Tecelagem no neolítico

 

Embora o homem de Neandertal tenha fabricado as primeiras roupas, o vestígio mais antigo existente de roupa data de 35 mil a.c encontrado na Russia [1]. Marcas de cestaria e têxteis feitos com plantas selvagens foram encontrados em Dolni Vestonice datados de 26 mil a.c. e diversos outros locais na Morávia [2], em sua maioria feitos por mulheres [3]. Gordon Childe aponta que tanto a fiação como o tear foram invenções de mulheres [4]. O uso de palha para fabricação de cestos e cordoalha para bolsas são resíduos vegetais e, portanto, de conservação precária.[5] Em Dolni Vestonice na República Tcheca encontraram-se vestígios de tecidos datados de 27 mil a 22 mil a.c. [6] Por volta de 7000 a.c. foram encontrados tecidos de linho em Nahal Hermar na Mesopotâmia. [7] Tecidos de lã foram encontrados em Çatal Huyk na Anatólia datados de 6000 a.c.[8] Luis Bonilla [9] aponta em algumas pinturas rupestres de cavernas da Espanha relata a representação de mulheres com saias até os tornozelos o que atesta um certo conhecimento na arte de tecer.
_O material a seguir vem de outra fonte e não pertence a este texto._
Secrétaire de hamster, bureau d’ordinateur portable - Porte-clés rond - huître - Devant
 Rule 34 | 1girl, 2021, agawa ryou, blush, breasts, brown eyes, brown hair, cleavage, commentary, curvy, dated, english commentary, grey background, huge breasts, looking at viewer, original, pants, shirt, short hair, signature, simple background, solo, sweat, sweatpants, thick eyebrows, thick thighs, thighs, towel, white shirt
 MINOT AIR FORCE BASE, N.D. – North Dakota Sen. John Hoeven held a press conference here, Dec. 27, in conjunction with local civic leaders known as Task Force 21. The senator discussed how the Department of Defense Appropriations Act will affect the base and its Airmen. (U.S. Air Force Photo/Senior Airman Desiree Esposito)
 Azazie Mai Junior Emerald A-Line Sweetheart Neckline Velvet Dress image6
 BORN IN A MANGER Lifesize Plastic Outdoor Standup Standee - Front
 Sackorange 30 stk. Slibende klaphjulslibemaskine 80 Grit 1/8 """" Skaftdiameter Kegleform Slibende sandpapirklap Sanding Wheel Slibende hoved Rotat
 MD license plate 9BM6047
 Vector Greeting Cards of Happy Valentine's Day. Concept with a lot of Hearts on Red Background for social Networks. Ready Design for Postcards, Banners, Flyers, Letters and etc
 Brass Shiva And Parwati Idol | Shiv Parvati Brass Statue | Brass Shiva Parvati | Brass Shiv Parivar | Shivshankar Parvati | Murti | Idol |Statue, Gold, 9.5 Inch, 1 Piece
Nancy Tanner e Adrienne Zihlman argumentam que coube as mulheres o poder de explorar as primeiras ferramentas que eram usadas não para a caça de animais grandes mas sim espetos de escavação para colher plantas, formigas e animais que viviam em tocas, bem como alguma espécie de recipiente ou bolsa para cerrar castanhas e raízes [10]. Grace Crowfoot mostra que as evidências mais antigas de cestaria datam de sítios do neolítico no Egito e Iraque por volta de 5000 a.c. por exemplo encontrados em Jarmo que mostram padrões de cestaria impressos em argila tipo I (a tira passa ao redor da última bobina, perfurando a borda da que está abaixo já no lugar) e tipo II (a tira passa da mesma maneira, mas além de perfurar a bobina, perfura também o ponto imediatamente abaixo dela).[11]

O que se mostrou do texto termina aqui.